Among the entries below, find the line with "Baitur Rahman" and the line with "10147 N Meridian Road Ossian IN 46770". Return exactly those lines and every line between them, but no pictures.

• [Data for review]
__________________________________________________
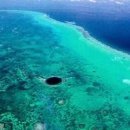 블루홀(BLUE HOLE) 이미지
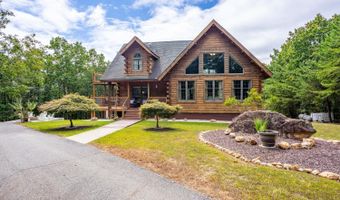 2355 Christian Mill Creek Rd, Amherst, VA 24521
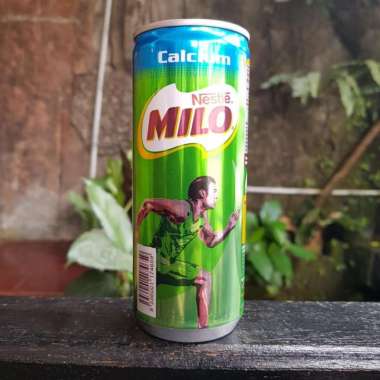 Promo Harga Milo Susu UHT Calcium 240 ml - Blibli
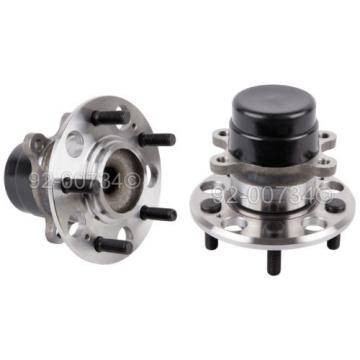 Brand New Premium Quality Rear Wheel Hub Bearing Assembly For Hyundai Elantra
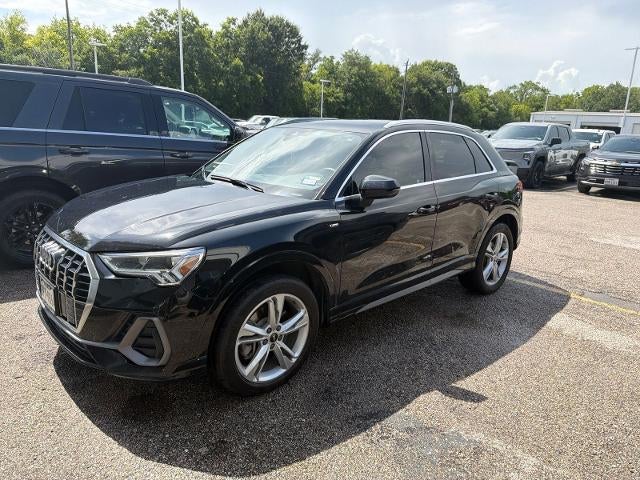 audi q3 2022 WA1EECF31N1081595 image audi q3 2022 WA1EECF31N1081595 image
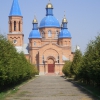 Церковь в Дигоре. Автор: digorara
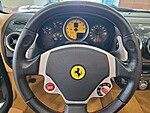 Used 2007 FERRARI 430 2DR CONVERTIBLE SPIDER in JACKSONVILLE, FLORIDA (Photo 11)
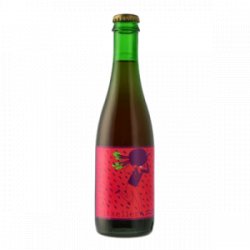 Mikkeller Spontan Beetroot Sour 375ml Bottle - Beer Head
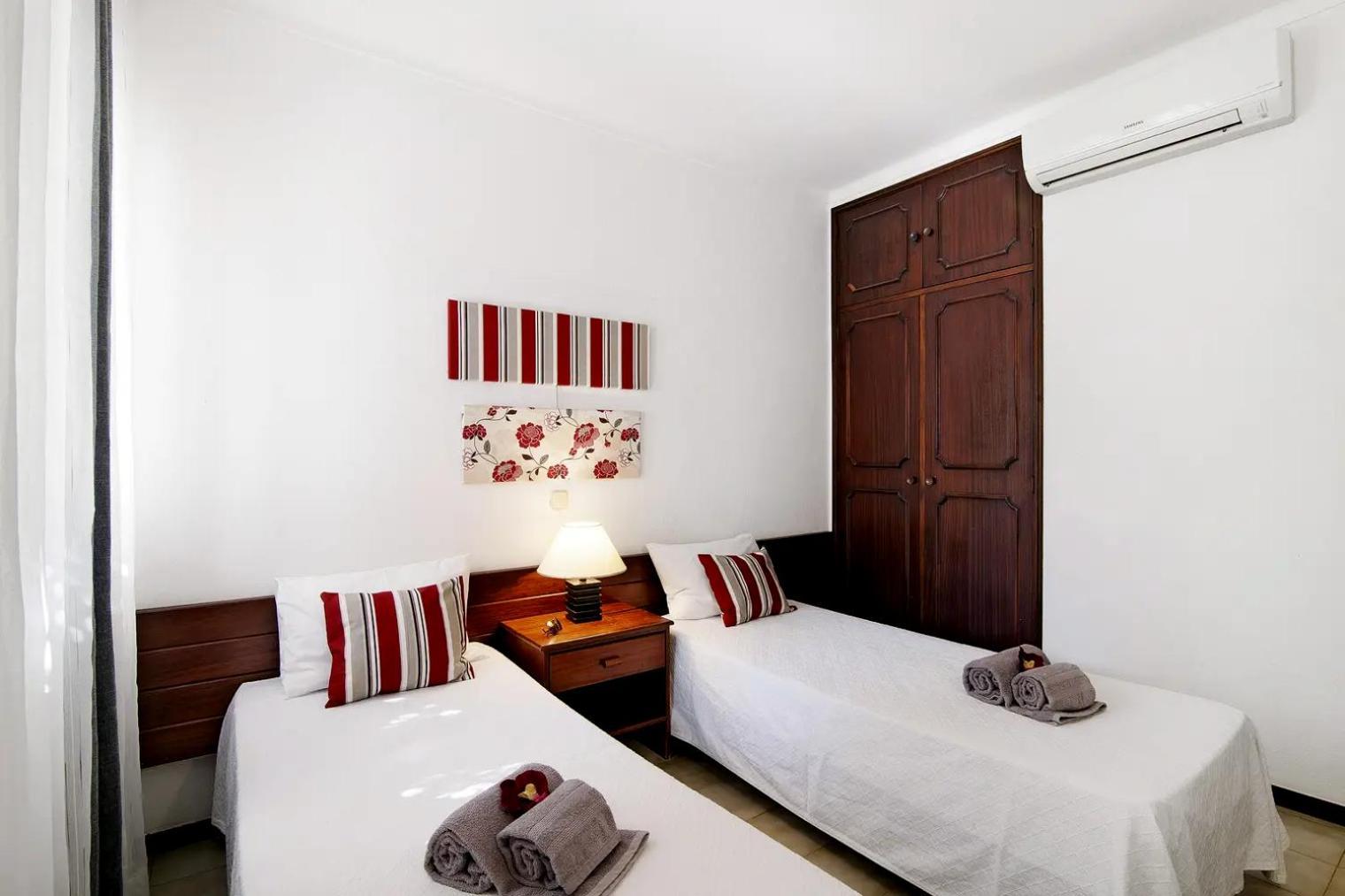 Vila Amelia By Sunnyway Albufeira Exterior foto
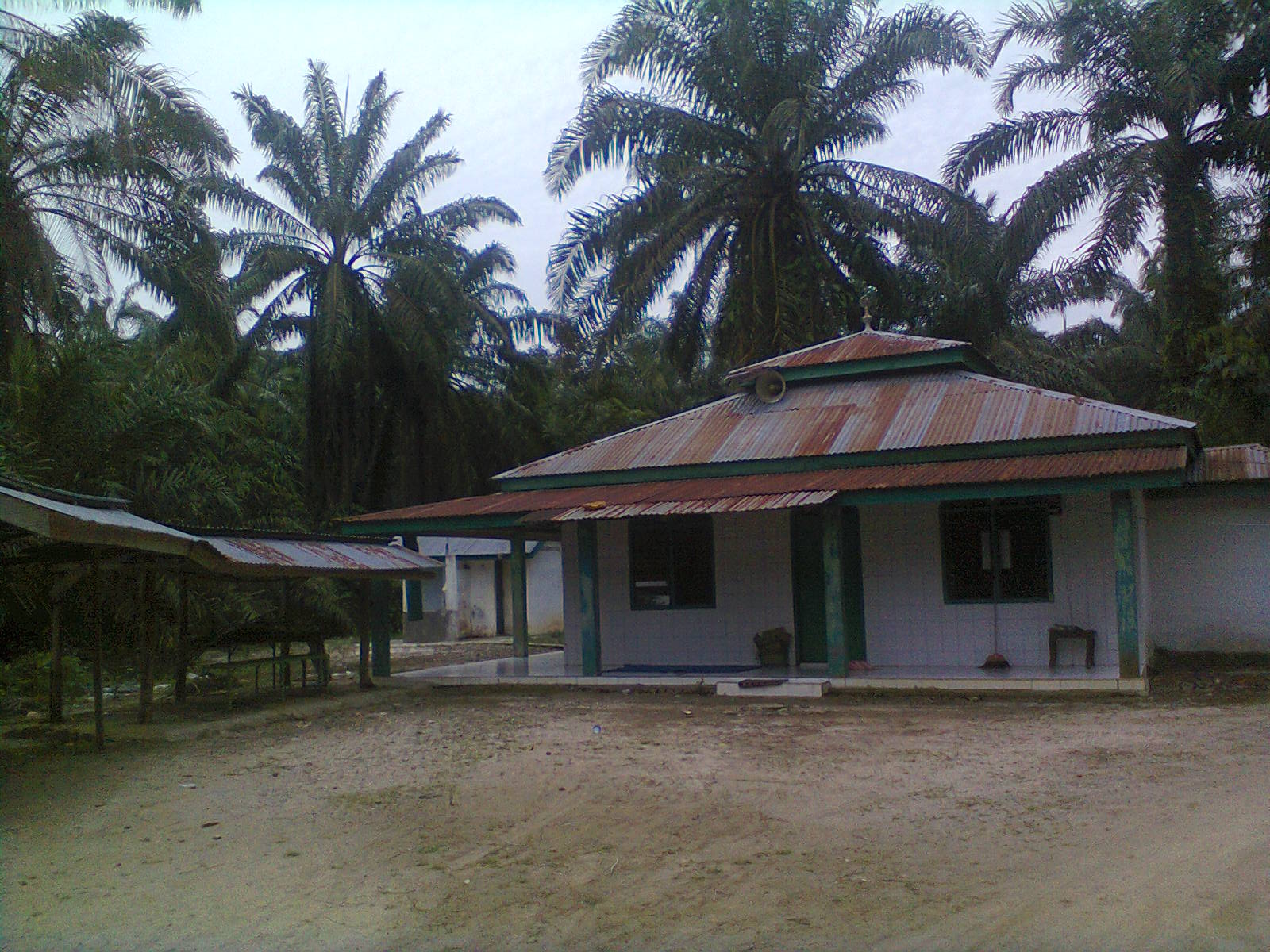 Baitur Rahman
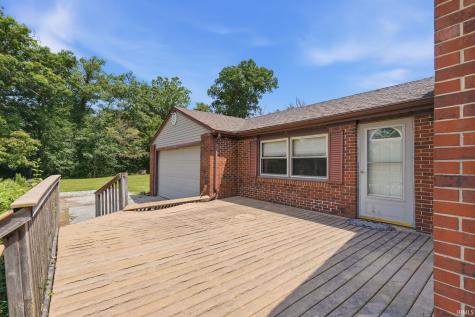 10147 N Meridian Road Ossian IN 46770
__________________________________________________
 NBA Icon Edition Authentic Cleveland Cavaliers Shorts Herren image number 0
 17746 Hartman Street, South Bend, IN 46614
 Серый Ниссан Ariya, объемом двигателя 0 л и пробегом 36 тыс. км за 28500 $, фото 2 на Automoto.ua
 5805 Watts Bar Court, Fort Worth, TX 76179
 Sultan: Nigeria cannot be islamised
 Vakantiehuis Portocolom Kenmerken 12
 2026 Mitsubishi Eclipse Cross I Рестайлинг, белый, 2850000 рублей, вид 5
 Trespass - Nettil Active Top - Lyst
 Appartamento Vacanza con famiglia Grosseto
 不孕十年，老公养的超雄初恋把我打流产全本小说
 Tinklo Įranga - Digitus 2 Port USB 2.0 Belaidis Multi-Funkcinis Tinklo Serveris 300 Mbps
__________________________________________________
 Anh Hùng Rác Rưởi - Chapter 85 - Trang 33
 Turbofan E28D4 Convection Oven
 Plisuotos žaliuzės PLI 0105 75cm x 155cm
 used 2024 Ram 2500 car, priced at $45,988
__________________________________________________
• [Expected answer]
 Baitur Rahman
 10147 N Meridian Road Ossian IN 46770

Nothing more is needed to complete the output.